The British Humanist Association leads the national campaign against state-funded ‘faith’ schools, and employs the only dedicated campaigner – Richy Thompson – working on this and related issues such as RE, sex education, creationism and Collective Worship. We’re currently fundraising for our campaigner’s salary, so that we can continue to employ him for another year. Please donate today at http://www.justgiving.com/nofaithschools
We wanted to share with you an email Richy received this past year, highlighting the importance of what Richy does. This mother, as with many others, contacted us about Collective Worship. Currently, every single state school is legally required to have a daily act of collective worship. If the school is not a ‘faith’ school, this must be Christian in character. Here’s what the mother told Richy:
After researching and thinking it over for several years, I informed the Head of my children’s school that I was removing them from collective worship. She said she completely understood and agreed to it. She then went on to ask what religion I was – ‘Is it Christian Science, or something like that?’ I had mentioned in the past that I am a scientist. I replied, ‘No. I am an atheist.’ She appeared a little put out.

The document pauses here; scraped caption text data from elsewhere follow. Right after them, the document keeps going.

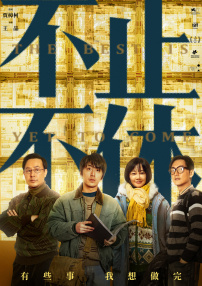 免费观看的av网站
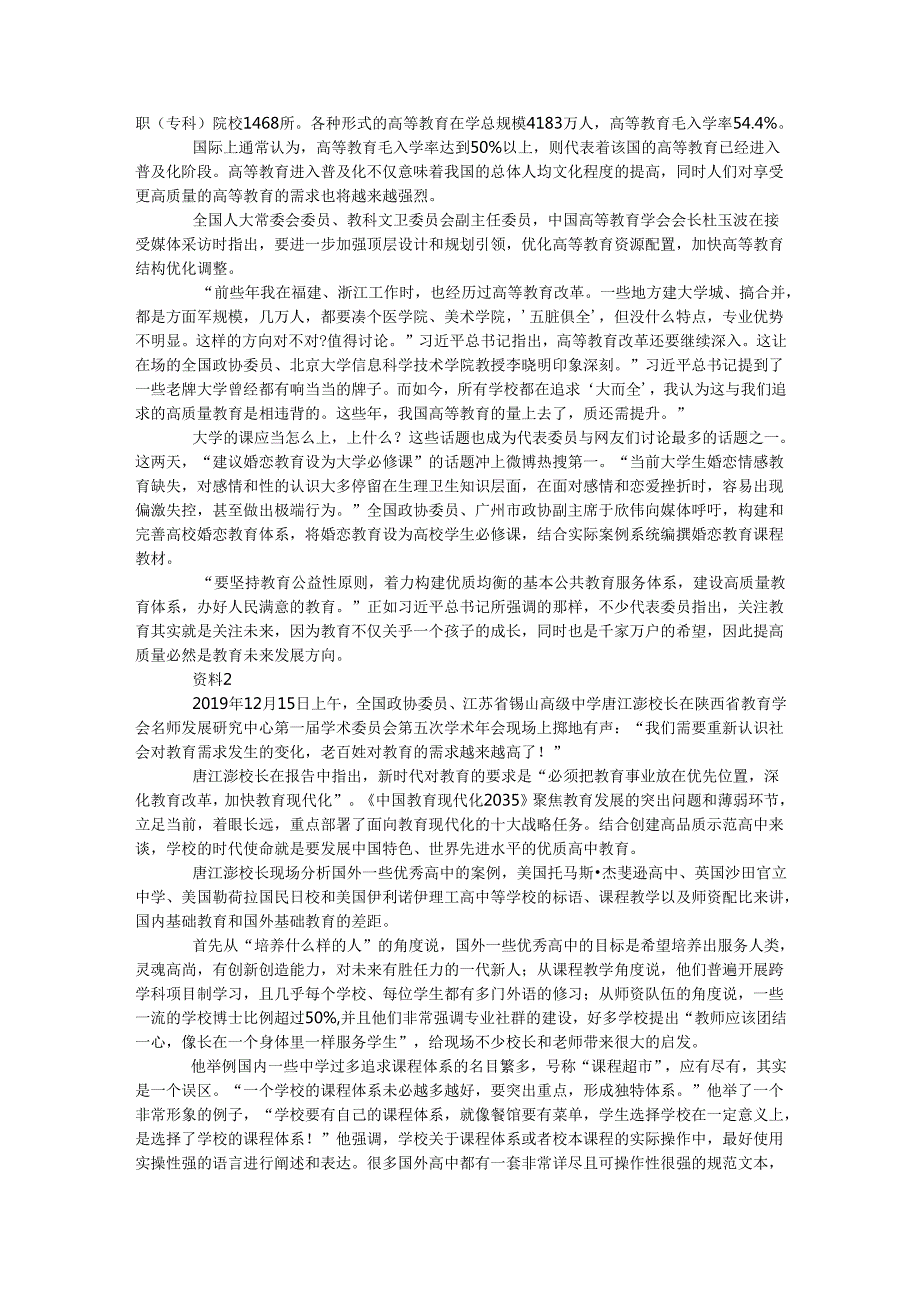 四川省申论模拟197.docx_第2页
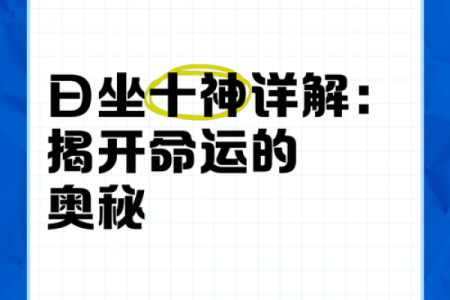 理解甲戌时出生的人：命运的奥秘与个性特点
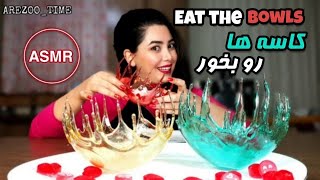 ASMR IRANIAN/PERSIAN ASMR/ASMR FOOD/RECIPE IN NEXT VIDEO/اسمر  فود ایرانی/چالش غذا خوردن ایرانی/اسمر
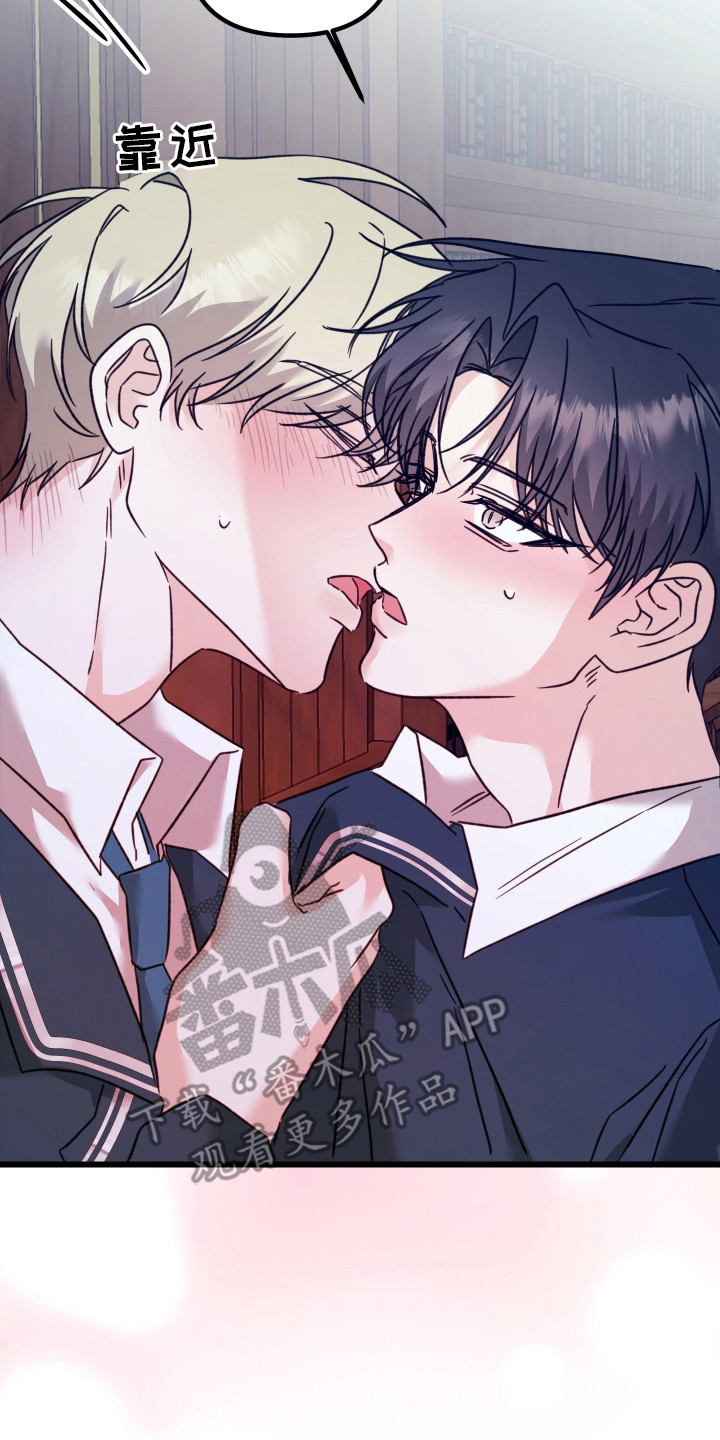 独占法则小说在哪看漫画,第5章：信息素3图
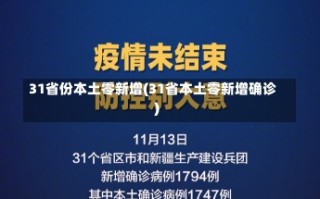 31省份本土零新增(31省本土零新增确诊)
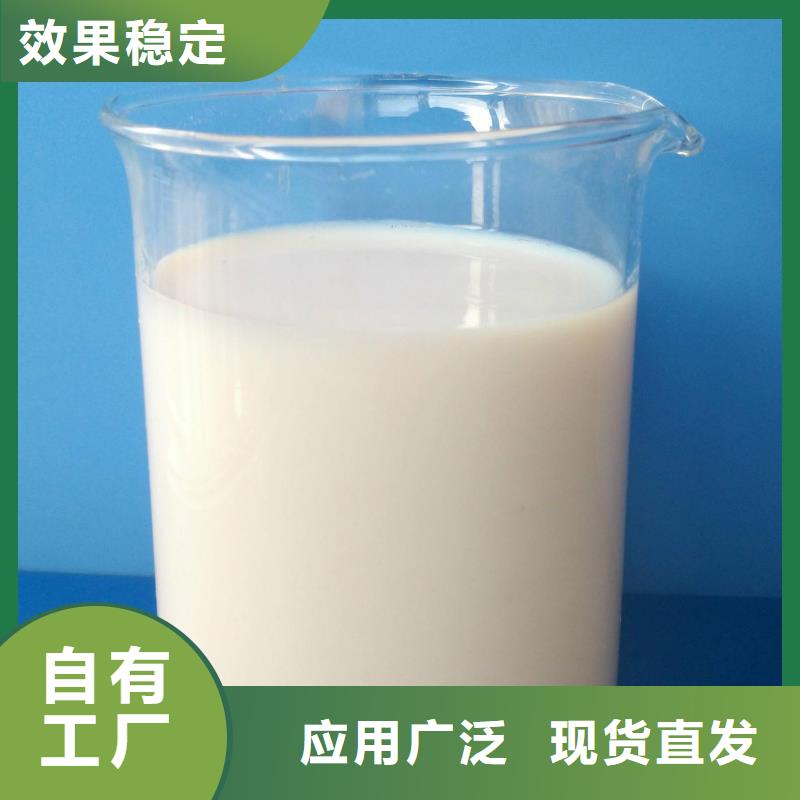 固體消泡劑我們更專業(yè)好品質(zhì)經(jīng)得住考驗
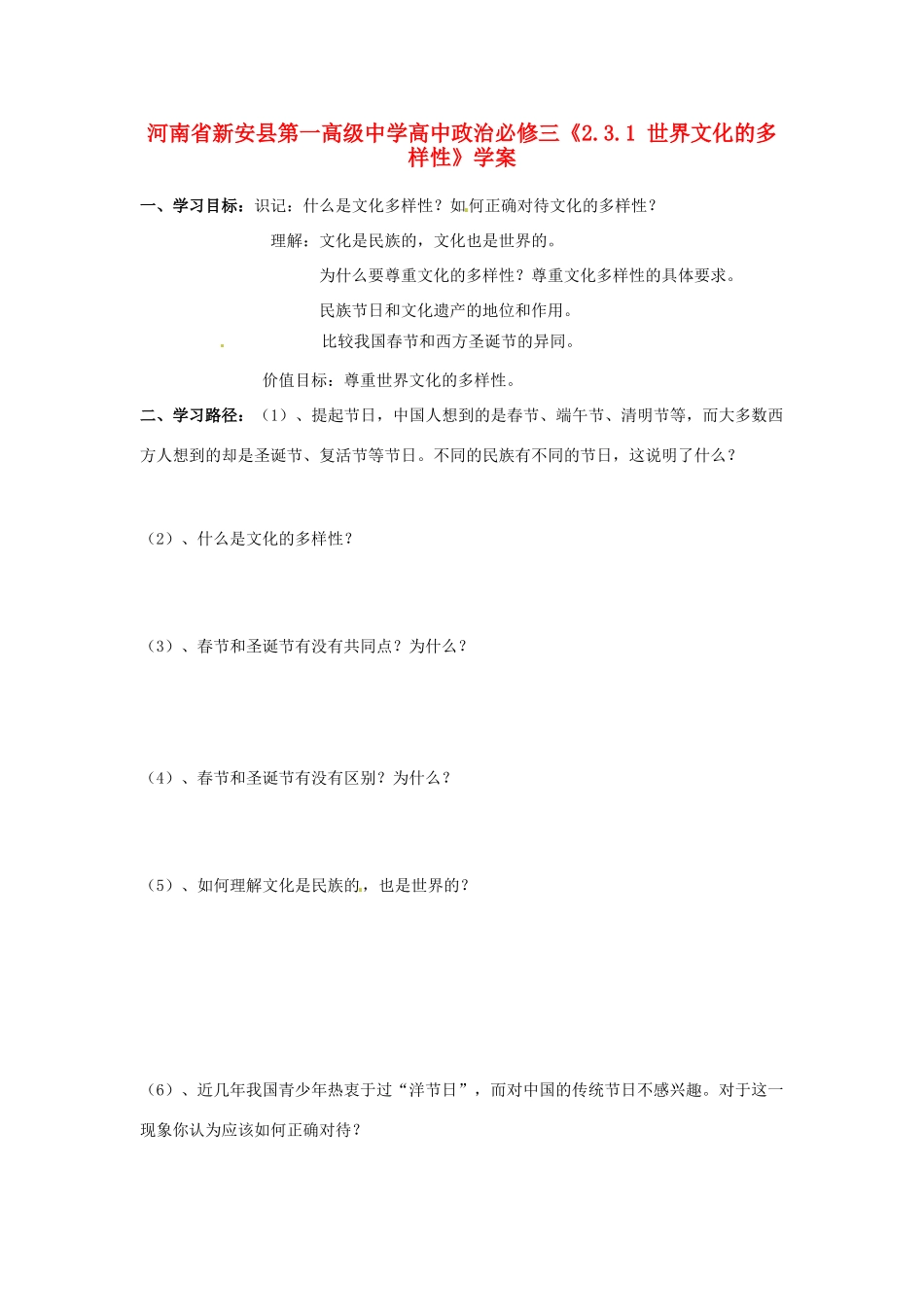 河南省新安县第一高级中学高中政治《2.3.1 世界文化的多样性》学案 新人教版必修3_第1页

At the end of year service, not attended by my children, the school handed out certificates for completion of their first year at school. My daughter was supposed to get hers later at the class picnic. That evening she burst into tears and said that as she had not gone to the service, she did not get her certificate. My daughter is 5 years old. It was then the summer holidays so I had no way of complaining and thought I would see if the next year started well; it could have been an innocent over sight. It is now 3 days into the start of the school year and my children have just told me that they are still going to assembly every day.
Do you have any suggestions as to where I go from here? I do not want an ugly confrontation at school but I also believe that if I was the follower of ANY religion, that this would not be happening to me; I would be protected by law. As I am without a religion, I do not seem to have any rights over my children’s spiritual well being.
This is clearly a very distressing situation, and highlights a common issue with Collective Worship: that opt-outs are inadequate because the child typically has to sit out in the hallway or alone in the library, singled out from their peers, and misses out on school notices or other inclusive aspects such as certificates.
The alternative – not opting out – can all too often be just as bad. Last year, for example, we highlighted a teacher telling an eight-year-old he is a Christian because he celebrates Christmas; the common issue of an evangelical group proselytising in a school; and a girl being traumatised by Collective Worship due to age-inappropriate tales of a god who killed first born children, turned rivers into blood and murdered millions in floods – ultimately being unable to sleep at night.
We need to reform this law, and replace the current legislation with the requirement to hold assemblies inclusive to all children, regardless of religion or belief. This is something we have been working hard on, and we have real plans to develop a wider campaign around this issue, drawing in broader support for reform.